In Need of Yoga Nidra
I'm stretched out during my first 45-minute Yoga Nidra class, body cradled in a fully supported Savasana (Corpse Pose), limbs limp, breath quiet, thoughts drifting by. In the distance, the teacher's voice blends with the sound of Tibetan bells. All traces of the day fade away, time stops, and stillness washes over me. So this is Yoga Nidra!
Also known as yogic sleep or sleep with awareness, Yoga Nidra is an ancient practice that is rapidly gaining popularity in the West. It is intended to induce full-body relaxation and a deep meditative state of consciousness. "We live in a chronically exhausted, overstimulated world," says Rod Stryker. "Yoga Nidra is a systematic method of complete relaxation, holistically addressing our physiological, neurological, and subconscious needs."
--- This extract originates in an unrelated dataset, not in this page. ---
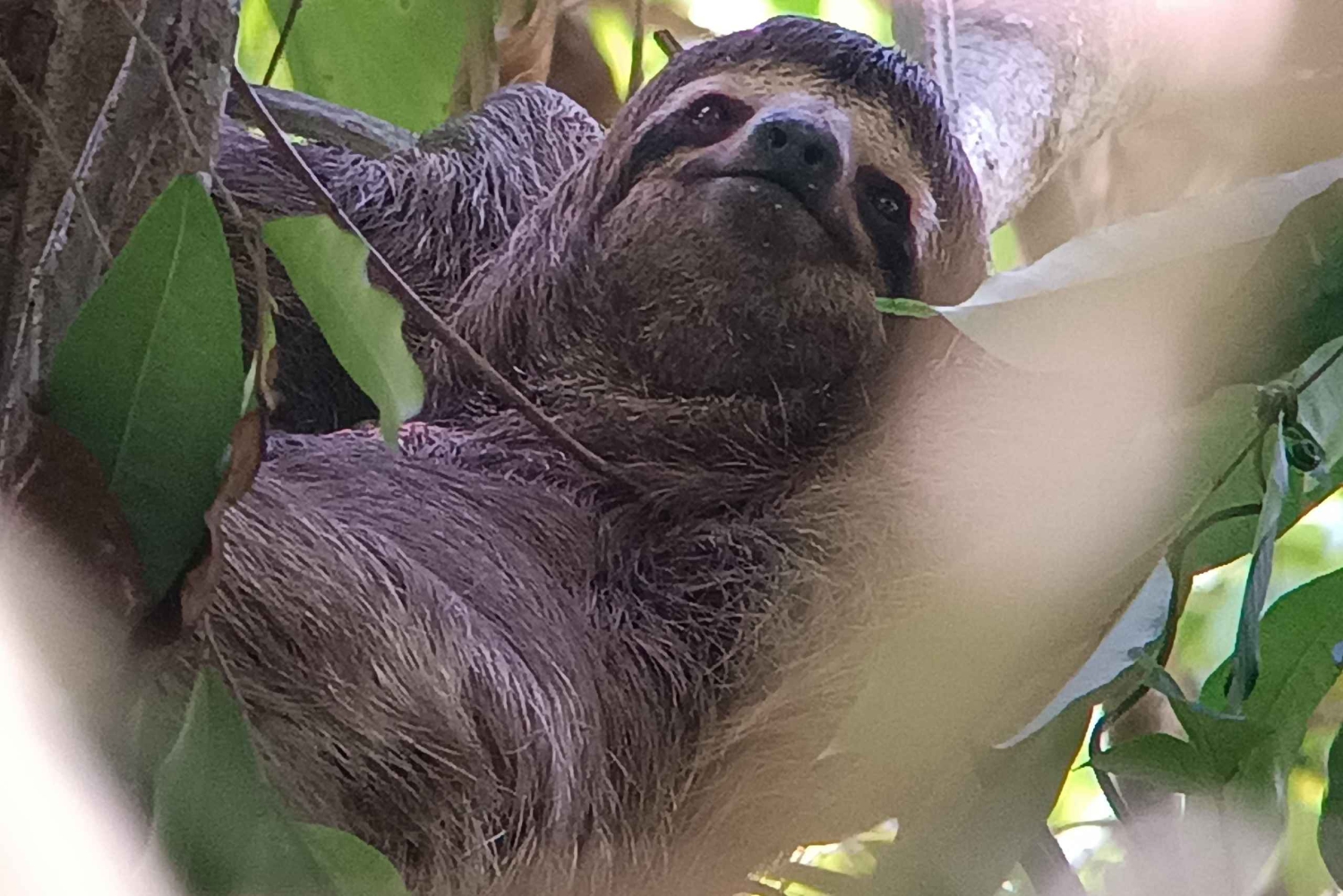Manuel-Antonio-Nationalpark, Tiere und Pflanzen aufspüren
During a typical class, teachers use a variety of techniques—including guided imagery and body scanning—to aid relaxation. And unlike a quick Savasana at the end of asana practice, Yoga Nidra allows enough time for practitioners to physiologically and psychologically sink into it—at least 20 to 45 minutes, says Jennifer Morrice.
The ancient yoga text the Mandukya Upanishads refers to four different stages of Yoga Nidra. The practitioner begins by quieting the overactive conscious mind, then moves into a meditative state, gradually finding a state of "ultimate harmony," in which the brain waves slow down and a subtle euphoria emerges. Though most practitioners don't slip easily into the more advanced stages, they still tend to emerge feeling rejuvenated. "Yoga Nidra uniquely unwinds the nervous system," Stryker says, "which is the foundation of the body's well-being."